Obus de mortier et tirs d’armes automatiques : la Zone verte de Bagdad a sombré dans le chaos lundi soir, après le « retrait » politique de Moqtada al-Sadr, coup d’éclat du leader chiite laissant libre cours à ses partisans, dont douze ont été tués par balle.

Dans la soirée, au moins sept obus de mortier sont tombés dans ce périmètre ultrasécurisé qui abrite des ministères et des ambassades, a indiqué une source sécuritaire qui n’était pas en mesure de fournir de bilan. On ignorait également l’origine des tirs.

Dans la foulée, des tirs d’armes automatiques résonnaient depuis ce quartier du centre de la capitale, placé sous couvre-feu comme tout le reste de l’Irak.

Selon cette source, des partisans de Moqtada al-Sadr visaient la zone depuis l’extérieur.

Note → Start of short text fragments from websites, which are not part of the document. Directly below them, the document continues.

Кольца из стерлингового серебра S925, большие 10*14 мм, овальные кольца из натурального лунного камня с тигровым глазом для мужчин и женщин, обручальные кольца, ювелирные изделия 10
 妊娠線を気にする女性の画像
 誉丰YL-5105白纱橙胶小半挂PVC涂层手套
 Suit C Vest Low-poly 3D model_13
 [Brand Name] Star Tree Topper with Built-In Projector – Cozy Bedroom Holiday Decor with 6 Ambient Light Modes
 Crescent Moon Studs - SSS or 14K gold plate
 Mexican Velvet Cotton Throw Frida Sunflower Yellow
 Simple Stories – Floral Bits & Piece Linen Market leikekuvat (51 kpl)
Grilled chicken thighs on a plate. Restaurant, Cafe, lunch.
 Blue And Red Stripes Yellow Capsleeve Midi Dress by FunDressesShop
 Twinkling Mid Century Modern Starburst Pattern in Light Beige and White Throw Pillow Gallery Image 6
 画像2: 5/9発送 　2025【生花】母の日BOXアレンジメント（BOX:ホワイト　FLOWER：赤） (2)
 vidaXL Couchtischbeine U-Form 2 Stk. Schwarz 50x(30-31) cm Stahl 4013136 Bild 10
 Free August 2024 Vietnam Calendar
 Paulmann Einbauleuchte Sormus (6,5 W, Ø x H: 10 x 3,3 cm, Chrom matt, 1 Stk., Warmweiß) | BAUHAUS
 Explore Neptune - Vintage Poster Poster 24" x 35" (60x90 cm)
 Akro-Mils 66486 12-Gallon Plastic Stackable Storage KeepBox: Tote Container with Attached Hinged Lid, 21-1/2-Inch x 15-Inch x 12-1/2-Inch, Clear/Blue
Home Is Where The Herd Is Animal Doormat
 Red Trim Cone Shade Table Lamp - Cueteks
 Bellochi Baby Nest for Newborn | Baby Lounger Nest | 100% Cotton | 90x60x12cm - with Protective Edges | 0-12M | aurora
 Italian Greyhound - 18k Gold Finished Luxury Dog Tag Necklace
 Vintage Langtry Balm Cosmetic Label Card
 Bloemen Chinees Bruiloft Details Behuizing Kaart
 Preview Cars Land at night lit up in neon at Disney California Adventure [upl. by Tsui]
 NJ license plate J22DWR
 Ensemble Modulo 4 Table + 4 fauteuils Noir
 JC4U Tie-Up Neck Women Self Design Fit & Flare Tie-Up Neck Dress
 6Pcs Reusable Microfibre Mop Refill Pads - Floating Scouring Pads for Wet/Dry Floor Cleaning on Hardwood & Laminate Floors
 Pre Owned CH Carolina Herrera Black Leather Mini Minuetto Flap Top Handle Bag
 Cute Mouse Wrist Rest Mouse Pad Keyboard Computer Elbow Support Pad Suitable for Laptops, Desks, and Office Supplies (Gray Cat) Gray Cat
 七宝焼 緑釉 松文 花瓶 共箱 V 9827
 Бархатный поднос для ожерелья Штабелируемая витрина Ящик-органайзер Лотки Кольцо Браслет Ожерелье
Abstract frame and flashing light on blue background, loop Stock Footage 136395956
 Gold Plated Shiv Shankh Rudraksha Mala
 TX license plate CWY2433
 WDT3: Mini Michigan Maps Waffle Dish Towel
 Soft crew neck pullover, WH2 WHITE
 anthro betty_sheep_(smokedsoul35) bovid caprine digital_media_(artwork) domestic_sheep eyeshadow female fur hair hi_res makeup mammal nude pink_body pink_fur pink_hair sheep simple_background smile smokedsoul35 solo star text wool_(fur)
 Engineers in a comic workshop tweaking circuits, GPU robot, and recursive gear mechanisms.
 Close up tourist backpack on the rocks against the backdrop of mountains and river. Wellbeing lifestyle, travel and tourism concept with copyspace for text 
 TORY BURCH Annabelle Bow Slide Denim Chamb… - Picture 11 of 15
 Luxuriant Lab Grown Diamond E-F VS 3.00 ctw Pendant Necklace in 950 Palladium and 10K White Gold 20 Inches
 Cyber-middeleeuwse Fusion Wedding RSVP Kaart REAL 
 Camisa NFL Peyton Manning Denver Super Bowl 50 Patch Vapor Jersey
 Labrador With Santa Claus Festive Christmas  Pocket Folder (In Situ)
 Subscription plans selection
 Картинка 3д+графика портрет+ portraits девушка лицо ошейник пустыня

À l’intérieur se trouvaient des forces « qui ne ripostaient pas ».

Impasse politique

 

L’Irak est dans l’impasse politique depuis les législatives d’octobre 2021, mais la situation a brutalement dégénéré lundi lorsque des centaines de partisans de Moqtada al-Sadr ont envahi le palais de la République, où siège le Conseil des ministres.

Alors que les sadristes investissaient les bureaux, les forces de l’ordre tentaient de disperser d’autres manifestants à coups de grenades lacrymogènes aux entrées de la Zone verte, a affirmé une source de sécuritaire à l’Agence France-Presse (AFP).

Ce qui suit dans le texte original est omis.